Aspose.Words Document Object Model (DOM)

Purpose Summary

This page explains the in-memory Document Object Model (DOM) provided by Aspose.Words for navigating and modifying Word documents programmatically.

The Aspose.Words Document Object Model (DOM) is an in-memory representation of a Word document. The Aspose.Words DOM allows you to programmatically read, manipulate, and modify the content and formatting of a Word document.

This section describes the main classes of the Aspose.Words DOM and their relationships. By using the Aspose.Words DOM classes, you can obtain programmatic access to document elements and formatting.

Create a `Document` Object Tree

When a document is read into the Aspose.Words DOM, then an object tree is built and different types of elements of the source document have their own DOM tree objects with various properties.

Build Document Nodes Tree

When Aspose.Words reads a Word document into memory, it creates objects of different types that represent various document elements. Every run of a text, paragraph, table, or a section is a node, and even the document itself is a node. Aspose.Words defines a class for every document node type.

The document tree in Aspose.Words follows the Composite Design Pattern:

All node classes ultimately derive from the Node class, which is the base class in the Aspose.Words Document Object Model.
Nodes that can contain other nodes, for example, Section or Paragraph, derive from the CompositeNode class, which in turn derives from the Node class.

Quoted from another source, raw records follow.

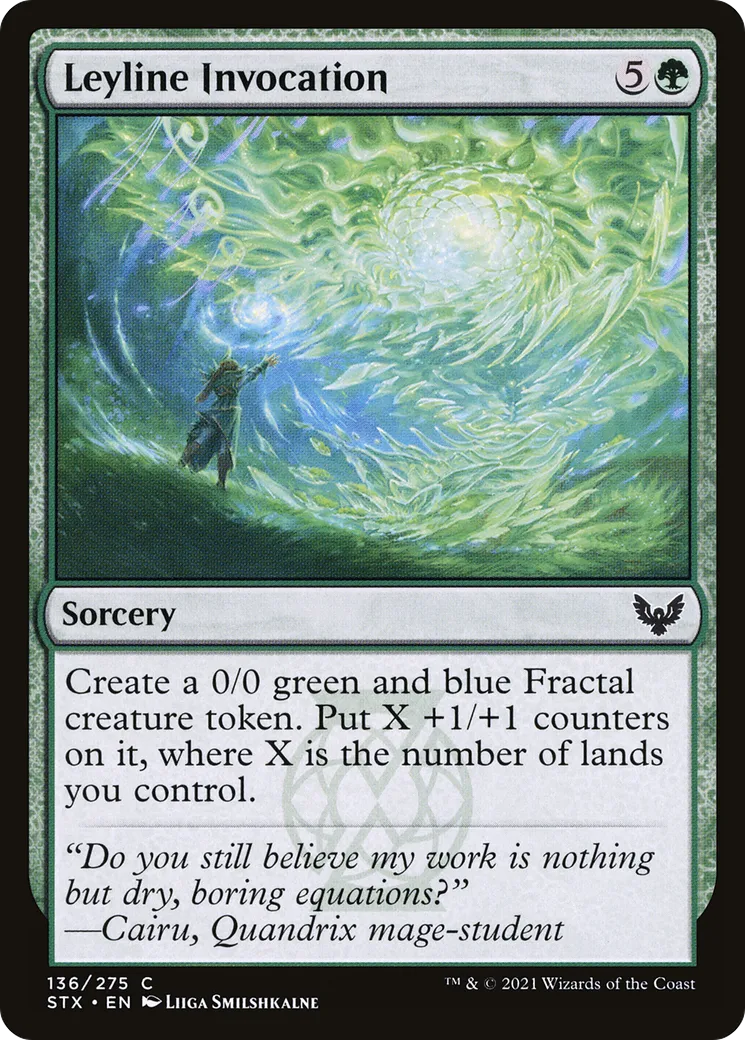 Invocation de ligne ley — Strixhaven: School of Mages — Magic: The Gathering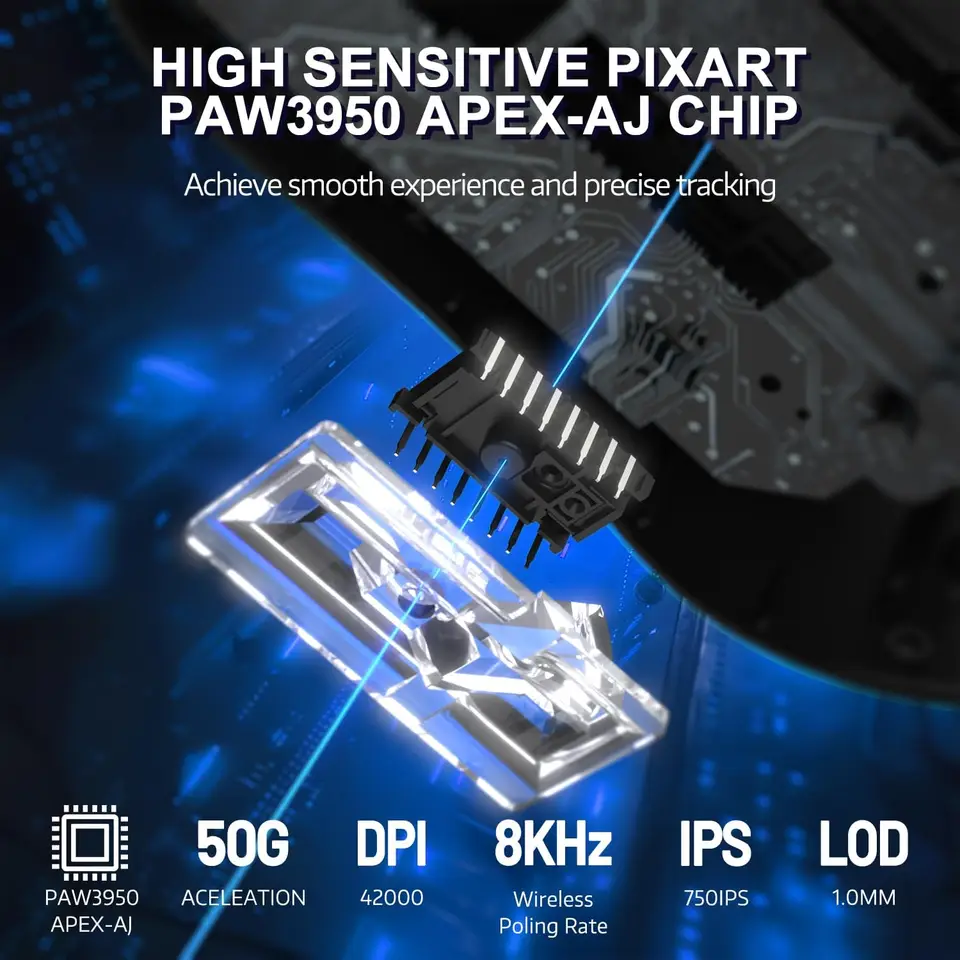 あっちゃん ATTACK SHARK * AJAZZ AJ159 APEX 56g 8K Wireless Gaming Mouse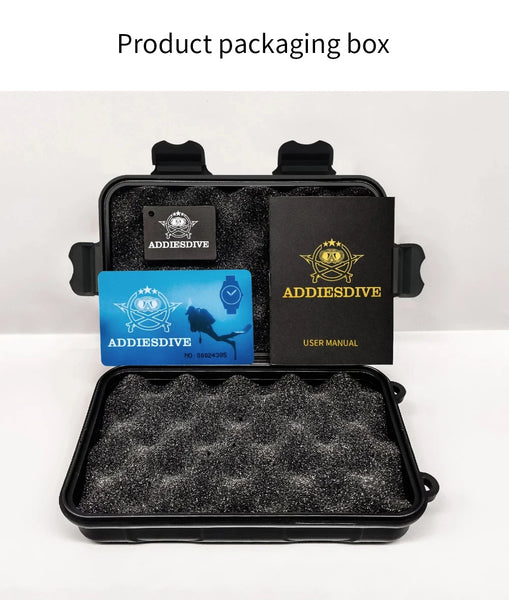 ADDIESDIVE Men's Automatic Mechanical Watch – Japan 8215 Movement, Bubble Mirror Glass, Super Luminous Luxury Dress Timepiece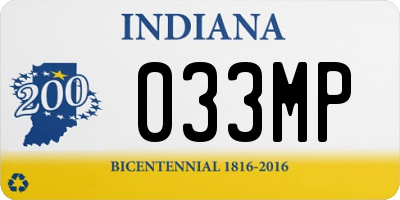 IN license plate 033MP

The diagram provided below shows inheritance between node classes of the Aspose.Words Document Object Model (DOM). The names of abstract classes are in Italics.

The Aspose.Words DOM also contains the non-node classes, such as Style or Font, which are used to customize the appearance and styles within a document. These classes are not shown in this diagram as not inherited from the Node class.

Let’s look at an example. The following image shows a Microsoft Word document with different types of content.

When reading the above document into the Aspose.Words DOM, the tree of objects is created, as shown in the schema below.

Document, Section, Paragraph, Table, Shape, Run, and all other ellipses on the diagram are Aspose.Words objects that represent elements of the Word document.

Get a `Node` Type

Although the Node class is sufficient enough to distinguish different nodes from each other, Aspose.Words provides the NodeType enumeration to simplify some API tasks, such as selecting nodes of a specific type.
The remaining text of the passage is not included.